Aside from annexing those regions inhabited by Sudeten Germans into the German Reich, the aim was ultimately to break up Czechoslovakia as a country. The Munich Conference was hastily convened in late September and attended by Chamberlain and Daladier — the prime ministers of the United Kingdom and France — as well as the dictators Hitler and Mussolini. The summit only resulted in a temporary solution. Nazi Germany was permitted to occupy the Sudetenland, but the rest of Czechoslovakia was supposed to be left untouched. It was a nerve-racking time vacillating between hope and worry. There was widespread fear of a new war, as the memory of the previous one was still quite vivid in many people’s minds.
In this climate, staff at the English company Joseph Lucas Ltd. in Birmingham Lucas sent a remarkable letter to Bosch in Stuttgart. Since 1931, both companies had been collaborating in London as part of the joint venture C.A.V.-Bosch. Their relationship was one of mutual respect. Many of the associates knew each other personally from visits to Birmingham and Stuttgart. The letter addressed “to all of our friends in the Bosch organization” was a message: “We wish you to feel that our friendship for you all and our appreciation of all the many kindnesses you have shown us will always endure.
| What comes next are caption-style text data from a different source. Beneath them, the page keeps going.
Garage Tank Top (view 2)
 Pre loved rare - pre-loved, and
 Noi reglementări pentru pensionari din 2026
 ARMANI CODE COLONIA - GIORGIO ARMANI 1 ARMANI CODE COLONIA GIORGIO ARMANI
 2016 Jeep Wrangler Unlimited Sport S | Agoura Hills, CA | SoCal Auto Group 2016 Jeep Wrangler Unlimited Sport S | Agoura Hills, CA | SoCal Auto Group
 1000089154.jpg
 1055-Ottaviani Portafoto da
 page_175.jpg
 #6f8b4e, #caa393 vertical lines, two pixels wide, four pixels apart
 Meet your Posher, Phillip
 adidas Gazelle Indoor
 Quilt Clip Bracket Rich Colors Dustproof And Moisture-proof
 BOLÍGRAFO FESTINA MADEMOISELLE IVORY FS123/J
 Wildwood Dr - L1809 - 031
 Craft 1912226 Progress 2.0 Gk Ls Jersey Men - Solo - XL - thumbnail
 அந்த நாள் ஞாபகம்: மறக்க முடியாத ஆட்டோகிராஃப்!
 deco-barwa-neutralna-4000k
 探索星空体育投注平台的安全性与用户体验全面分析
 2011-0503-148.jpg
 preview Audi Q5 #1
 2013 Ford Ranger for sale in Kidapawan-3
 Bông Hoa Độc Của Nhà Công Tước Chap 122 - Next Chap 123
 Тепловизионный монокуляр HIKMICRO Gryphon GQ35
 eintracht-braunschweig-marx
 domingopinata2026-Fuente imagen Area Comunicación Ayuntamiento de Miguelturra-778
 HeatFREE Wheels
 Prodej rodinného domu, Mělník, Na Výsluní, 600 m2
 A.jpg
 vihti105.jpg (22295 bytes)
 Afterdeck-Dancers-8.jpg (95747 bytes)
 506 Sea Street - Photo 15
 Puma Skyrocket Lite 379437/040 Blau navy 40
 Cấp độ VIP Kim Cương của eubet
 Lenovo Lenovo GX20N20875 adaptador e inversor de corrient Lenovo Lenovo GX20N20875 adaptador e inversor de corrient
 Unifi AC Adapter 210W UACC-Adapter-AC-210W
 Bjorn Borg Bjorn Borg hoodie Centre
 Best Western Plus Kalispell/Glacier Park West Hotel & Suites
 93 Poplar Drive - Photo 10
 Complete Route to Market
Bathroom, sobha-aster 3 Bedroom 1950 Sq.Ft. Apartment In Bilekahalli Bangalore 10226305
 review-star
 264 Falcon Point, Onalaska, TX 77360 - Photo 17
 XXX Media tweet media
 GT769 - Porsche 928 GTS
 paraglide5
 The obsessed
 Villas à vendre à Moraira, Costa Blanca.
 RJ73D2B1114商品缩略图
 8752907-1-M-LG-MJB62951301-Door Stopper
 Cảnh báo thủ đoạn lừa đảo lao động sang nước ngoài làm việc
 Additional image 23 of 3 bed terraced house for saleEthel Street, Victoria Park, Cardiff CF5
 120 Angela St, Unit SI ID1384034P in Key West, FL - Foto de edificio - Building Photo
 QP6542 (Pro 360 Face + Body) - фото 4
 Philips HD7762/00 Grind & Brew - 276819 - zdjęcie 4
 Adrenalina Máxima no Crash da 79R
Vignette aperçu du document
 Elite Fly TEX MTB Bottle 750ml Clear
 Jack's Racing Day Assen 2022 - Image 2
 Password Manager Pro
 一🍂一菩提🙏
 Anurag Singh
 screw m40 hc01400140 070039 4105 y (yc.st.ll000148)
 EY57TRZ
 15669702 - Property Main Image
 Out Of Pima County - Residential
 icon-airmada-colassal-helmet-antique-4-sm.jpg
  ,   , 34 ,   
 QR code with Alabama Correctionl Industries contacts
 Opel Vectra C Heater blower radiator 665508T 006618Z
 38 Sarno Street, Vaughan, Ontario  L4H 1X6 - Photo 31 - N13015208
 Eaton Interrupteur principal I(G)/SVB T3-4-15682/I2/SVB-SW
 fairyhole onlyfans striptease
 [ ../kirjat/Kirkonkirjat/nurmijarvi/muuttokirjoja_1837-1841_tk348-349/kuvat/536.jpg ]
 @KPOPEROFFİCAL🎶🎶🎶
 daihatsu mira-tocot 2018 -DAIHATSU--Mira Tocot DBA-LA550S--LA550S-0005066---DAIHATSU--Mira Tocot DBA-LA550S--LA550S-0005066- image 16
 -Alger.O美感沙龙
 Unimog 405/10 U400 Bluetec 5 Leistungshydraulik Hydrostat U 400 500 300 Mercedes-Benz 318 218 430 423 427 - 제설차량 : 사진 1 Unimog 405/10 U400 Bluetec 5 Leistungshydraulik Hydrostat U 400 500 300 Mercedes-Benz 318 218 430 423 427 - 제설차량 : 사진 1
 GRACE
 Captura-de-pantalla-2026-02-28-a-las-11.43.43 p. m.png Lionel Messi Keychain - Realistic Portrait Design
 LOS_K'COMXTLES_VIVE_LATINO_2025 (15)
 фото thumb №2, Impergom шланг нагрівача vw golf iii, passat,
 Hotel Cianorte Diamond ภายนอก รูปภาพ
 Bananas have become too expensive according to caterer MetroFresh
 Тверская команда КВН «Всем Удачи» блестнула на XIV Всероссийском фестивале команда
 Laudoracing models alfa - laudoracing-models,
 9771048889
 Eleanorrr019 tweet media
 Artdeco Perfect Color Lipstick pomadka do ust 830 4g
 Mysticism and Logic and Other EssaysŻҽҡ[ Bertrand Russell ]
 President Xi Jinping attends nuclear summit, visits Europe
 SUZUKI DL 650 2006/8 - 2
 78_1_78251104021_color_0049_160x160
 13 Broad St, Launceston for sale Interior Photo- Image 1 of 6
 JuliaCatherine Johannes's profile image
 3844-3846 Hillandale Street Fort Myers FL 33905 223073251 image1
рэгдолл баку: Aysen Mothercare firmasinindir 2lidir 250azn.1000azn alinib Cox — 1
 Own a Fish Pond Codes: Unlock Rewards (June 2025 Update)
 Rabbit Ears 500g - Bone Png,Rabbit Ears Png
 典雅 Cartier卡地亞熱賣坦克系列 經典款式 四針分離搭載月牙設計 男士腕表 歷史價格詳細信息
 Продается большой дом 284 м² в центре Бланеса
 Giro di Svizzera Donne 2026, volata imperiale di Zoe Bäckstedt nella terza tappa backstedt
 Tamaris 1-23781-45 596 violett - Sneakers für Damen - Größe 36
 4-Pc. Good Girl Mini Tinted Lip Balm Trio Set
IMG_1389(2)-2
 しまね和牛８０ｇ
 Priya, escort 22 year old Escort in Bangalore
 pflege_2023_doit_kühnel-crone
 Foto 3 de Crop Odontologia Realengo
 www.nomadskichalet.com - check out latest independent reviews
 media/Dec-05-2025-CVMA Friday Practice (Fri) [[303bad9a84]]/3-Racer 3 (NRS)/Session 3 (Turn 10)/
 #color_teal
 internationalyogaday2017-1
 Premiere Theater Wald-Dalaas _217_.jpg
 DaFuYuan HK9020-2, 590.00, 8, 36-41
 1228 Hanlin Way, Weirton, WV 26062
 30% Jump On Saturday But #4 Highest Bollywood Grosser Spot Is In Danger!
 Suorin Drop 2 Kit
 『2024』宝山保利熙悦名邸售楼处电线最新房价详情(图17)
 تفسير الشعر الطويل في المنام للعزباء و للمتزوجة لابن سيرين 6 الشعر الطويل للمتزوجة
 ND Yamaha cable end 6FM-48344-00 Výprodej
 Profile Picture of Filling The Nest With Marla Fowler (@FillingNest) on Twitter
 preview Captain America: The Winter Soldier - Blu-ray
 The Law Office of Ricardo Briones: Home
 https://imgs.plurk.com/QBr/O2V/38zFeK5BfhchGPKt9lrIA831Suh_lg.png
May we ask you to join with us a mutual determination to create an atmosphere from which suspicion and mistrust are removed and our peoples move forward in friendliness and common understanding.” The response from Stuttgart was swift: “We at Bosch, who have long been fortunate to be associated with many of you in the context of our inspiring and successful collaboration, appreciate your message of friendship in these difficult times. [...] May the benign spirit of this promising affirmation of peace and understanding continue to guide our joint efforts in the future.”
There was a lot at stake. Not only had associates established friendly ties, but the companies had also shared a great deal of technological expertise. Both of them had disclosed their patents, and some Bosch products under license were being manufactured in England. The notion that these products might be used against each other in the event of war — for example in military vehicles — was alarming. War, of course, was unavoidable, but when Bosch re-established a presence in the U.K. in the 1950s, it did so with the help of its old friends at Lucas.